General Electric (GE 1.44%) will enjoy 10%-15% growth for its infrastructure businesses in emerging markets over the next five to 10 years, according to comments delivered Sunday at the Asia-Pacific Economic Cooperation conference by GE vice chairman John Rice. While this figure would mean a slowdown from 15%-20% growth in recent years, it remains an optimistic outlook on the global economy given slower growth projections in China and potentially damaging political turmoil in the US. Rice's comments come ahead of the company's third-quarter earnings next week and are in line with the General Electric's long-term plan to slim down its bloated financial business and return to its roots as an energy infrastructure leader. 

GE has been investing heavily in its various infrastructure businesses over the past five years, and according to Rice a key contributor to that 10%-15% growth figure will be one of the company's youngest divisions, GE Oil & Gas.
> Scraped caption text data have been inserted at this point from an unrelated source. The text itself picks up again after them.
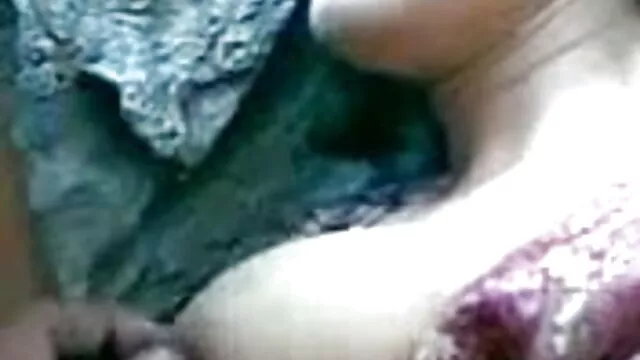 একজন মানুষ ধর্ষণ একটি তরুণ বিছানায় যৌনাবেদন না বাংলা xnxx video com করে একটি কনডম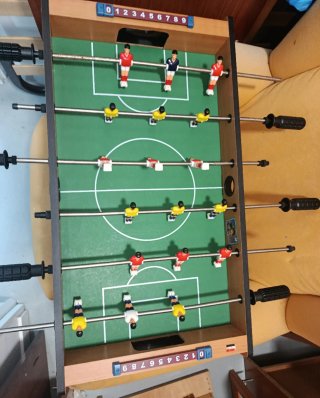 Futbolín con sus 4 patas o de mesa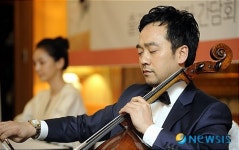 부인 김세아 위해 연주하는 첼리스트 김규식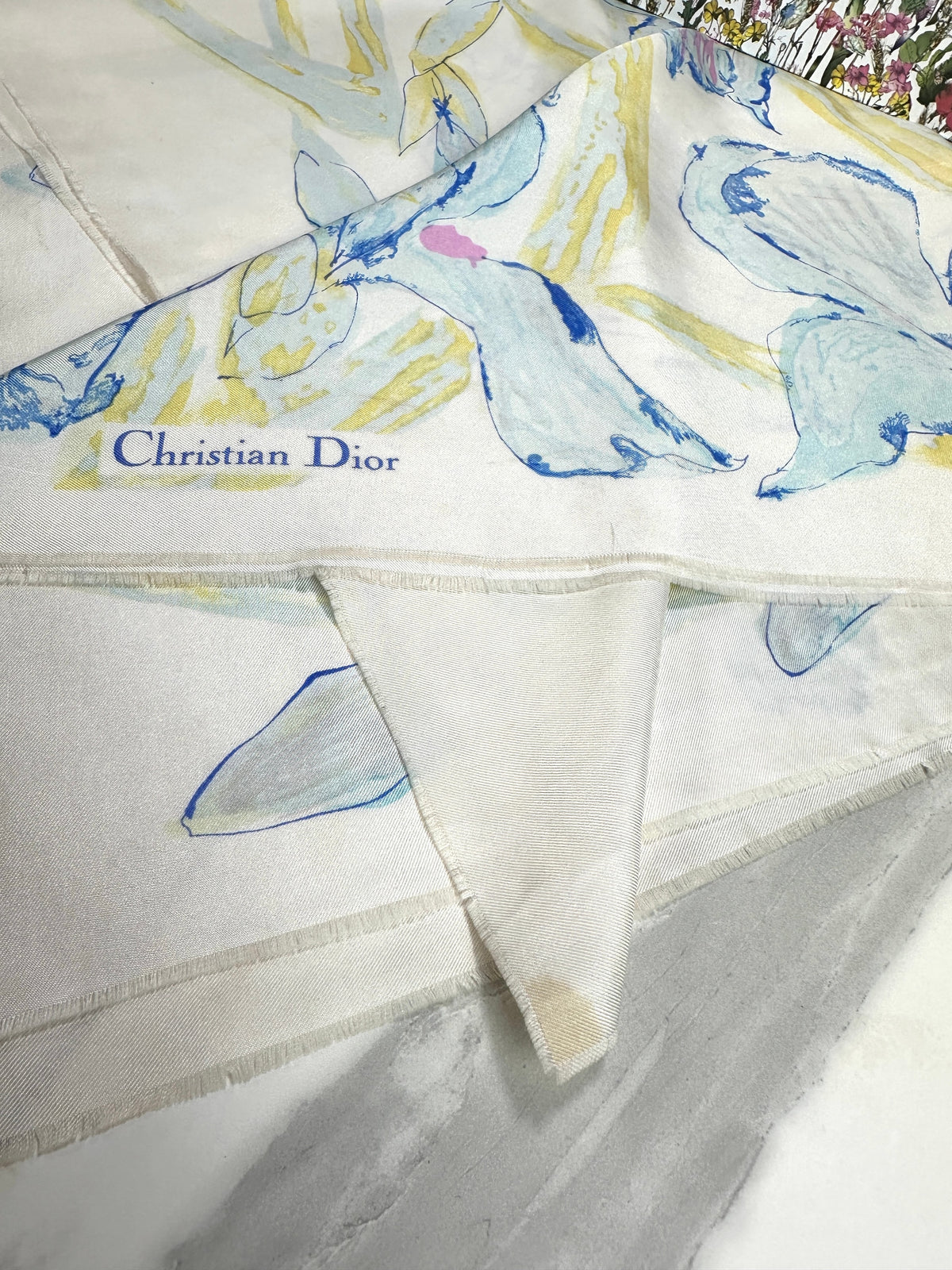 Carré Christian Dior en soie ivoire et bleu motif iris vintage authentique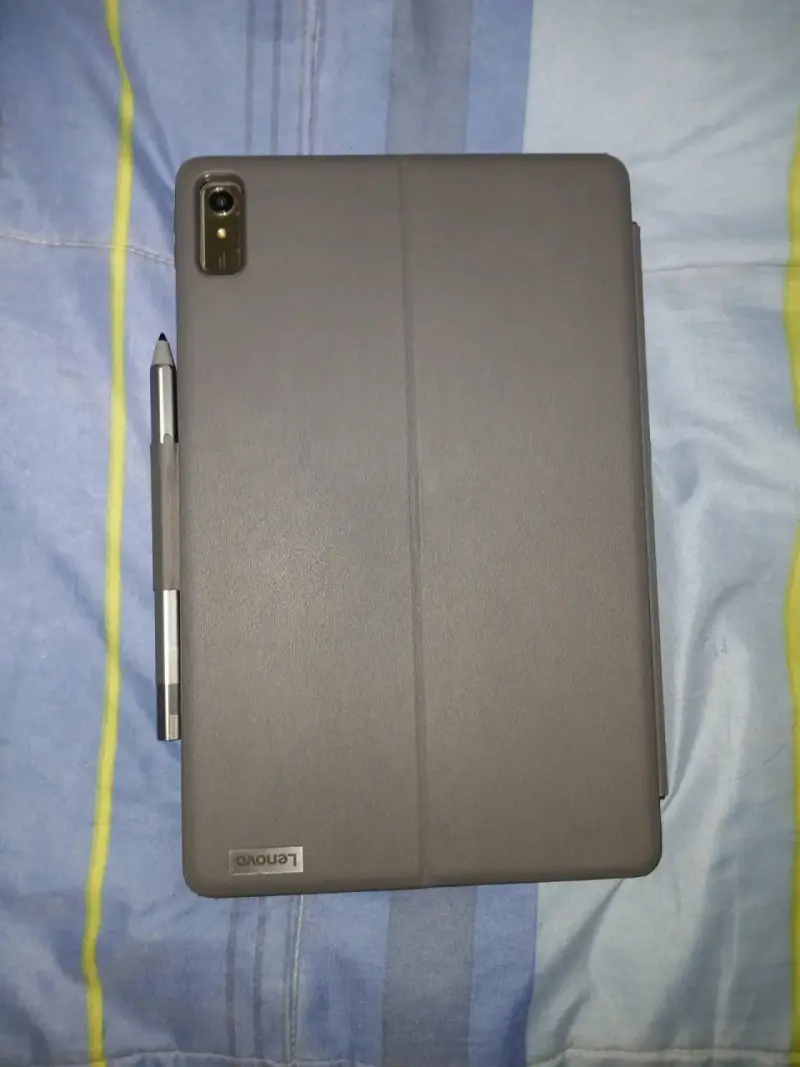 Tablet Lenovo con teclado - 3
Oil and gas was one of General Electric's strategic priorities as it emerged from the recession determined to return focus to energy infrastructure. 

Before the recession, GE Capital Corporation had grown to contribute 55% of revenue, making GE look more like a big bank with an industrial business on the side, rather than the reverse. The company's exposure to the financial industry left GE vulnerable in the recession, and in the aftermath of the lending meltdown GE took drastic measures to stay afloat: It cut its dividend, lost its AAA credit rating, accepted loan guarantees from the federal government, and issued new stock at highly favorable terms to a group of investors including Berkshire Hathaway's Warren Buffett. Having undergone so much trauma at the hands of the capital unit, CEO Jeffrey Immelt determined to shrink the unit, using the sale of assets to beef up GE's tried-and-true energy infrastructure business. 

Accordingly, GE invested heavily in energy, including spending $14 billion building up its oil and gas segment. That investment is paying off, as the segment has more than tripled in size to a $15 billion a year business. As industrial businesses have grown at the expense of the financial business, the size of GE Capital has steadily shrunk from 55% of revenue to just 30% in the second quarter of 2013. 

Rice's comments show that the company is committed to the strategy, seeing strong growth in its core industrial businesses that can sustain investor returns without resorting to the financial business risks that brought General Electric to its knees in the recession. As the world's population expands and the burgeoning global middle class can afford higher standards of living, General Electric's critical energy infrastructure will be in worldwide. The long-term trend of a larger, richer population will reward GE's renewed focus on its core industrial competencies. GE investors can be confident that the company will perform well with a global economic recovery, and the company will pay a hefty and growing dividend north of 3% while investors wait.